Kolları ve bacaklarının çaprazlama kestirilmesiyle tehdit edilmelerine rağmen îmanlarından asla taviz vermeyerek destansı bir duruş sergilediler.

Daha niceleri böyle;

Hayran oldular. Allah Teâlâ’ya, yüceliğine, kudretine, kurmuş olduğu kusursuz nizâma, benzersiz kitabına;

Hayran oldular. Hazret-i Muhammed -sallâllâhu aleyhi ve sellem-’e, tesis ettiği düzene, sağladığı hukuka, gözettiği adâlete, örnek olduğu fazîletlere, sahip olduğu en güzel ahlâka, yaşadığı hayata;

Hayran oldular. İslâm’a, zarâfetine, hayatın içinde hiçbir boşluk bırakmayışına, emrettiklerine, bütün güzelliklerine, huzuruna…

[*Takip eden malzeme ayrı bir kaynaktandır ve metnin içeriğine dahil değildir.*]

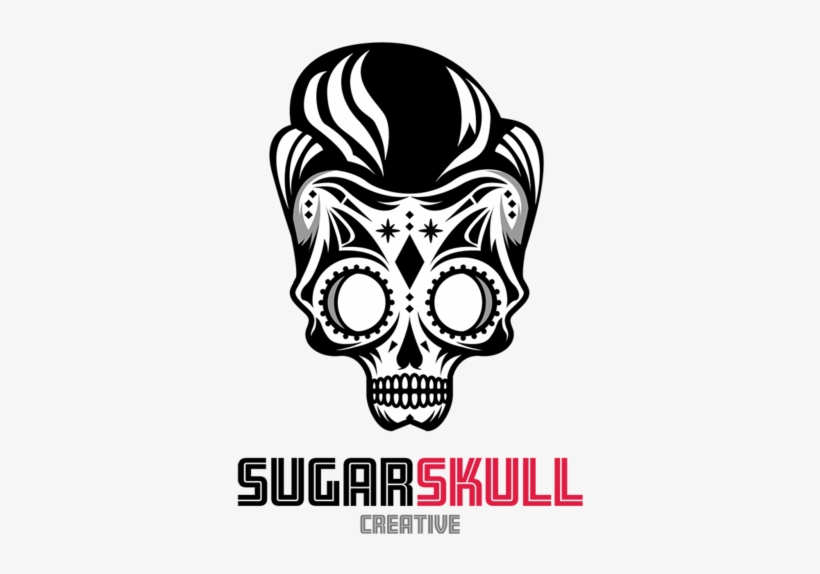 Sugar Skull Creative - Sugar Skull, transparent png download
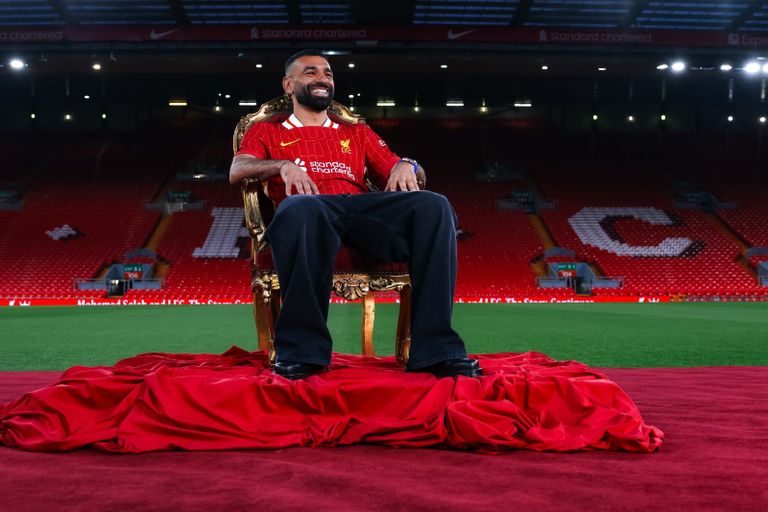 محمد صلاح محمد صلاح نجم ليفربول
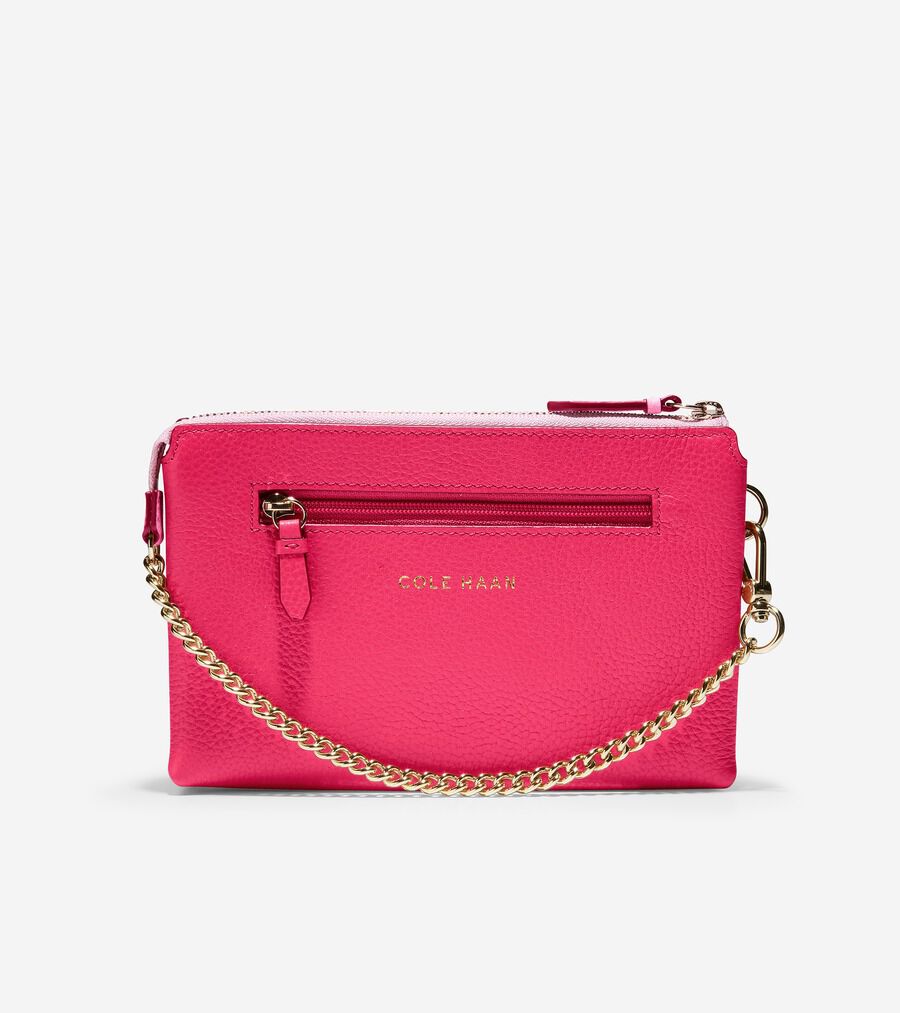 ダブル ガセット ポーチ womens. 6500 | COLE_HAAN
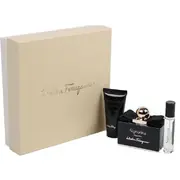 Salvatore Ferragamo Signorina Misteriosa Σετ δώρου, Eau de Parfum 100ml + λοσιόν σώματος 50ml + Eau de Parfum 10ml 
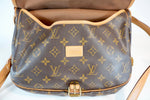 Louis Vuitton Monogram Saumur 30 Crossbody Used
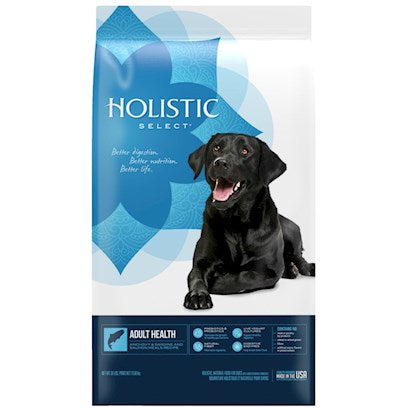 Holistic Select Natural Dry Dog Food Anchovy & Sardine and Salmon Meal 30lb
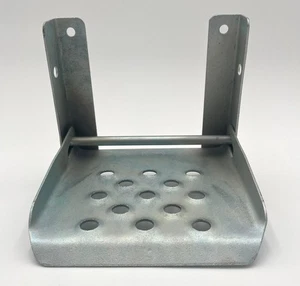 Klapptritt Anhänger Trittstufe verzinkt Aufstiegshilfe Bordwand LKW Tritt - Bild 1 von 6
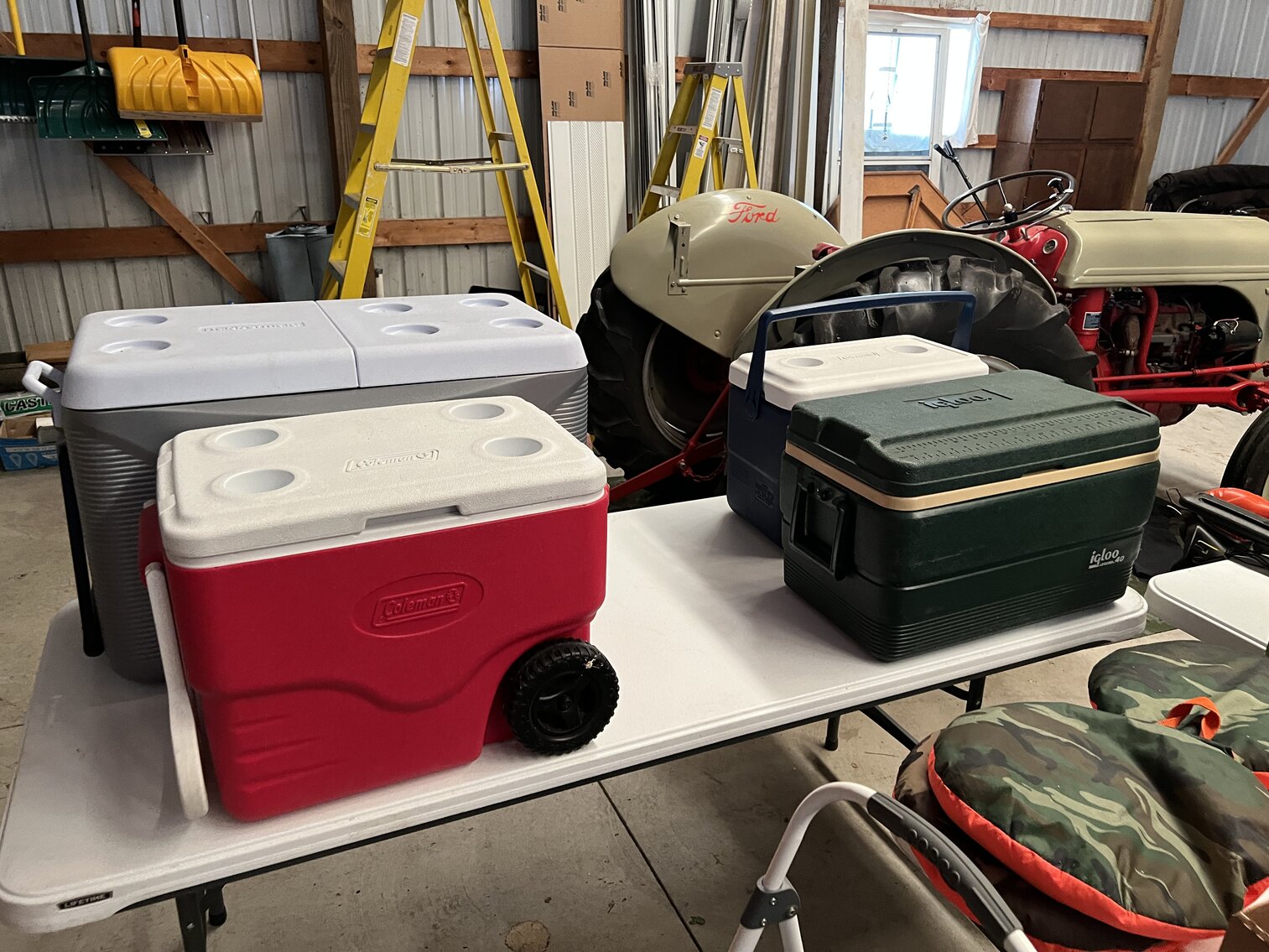 Image for Tomahawk, WI Resored Ford 8N Tractor, Tools, Honda Moped, Prints, Home Content, Sporting Goods, Guns & More!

Bu hayranlıklarla dünya-âhiret hayatlarını âbâd ettiler. Her ne olursa olsun, bütün devirlerde îmanlarını korudular. Gaflet tuzaklarına karşı her dâim uyanık oldular. Zihnen, fikren ve kalben diri bir şekilde yüce ufuklara nâil oldular. Ulvî muhabbetlere ulaştılar.

Kendisini imtihan etmek niyetiyle, efendisinin haberi olmadan sürüsünden bir koyun vermesini teklif ederek, bu teklifinde ısrar eden ve en nihayetinde;

“–Kayboldu dersin, efendin nereden bilecek ki?” diyen Abdullah İbn-i Ömer -radıyallâhu anhümâ-’ya karşı yüzünü çevirip şahâdet parmağını kaldırarak;

“–Peki o zaman Allah nerede?” diye cevap veren tahsil görmemiş basit bir çobandaki hassâsiyeti, ahlâkı ve sadâkati kazandılar.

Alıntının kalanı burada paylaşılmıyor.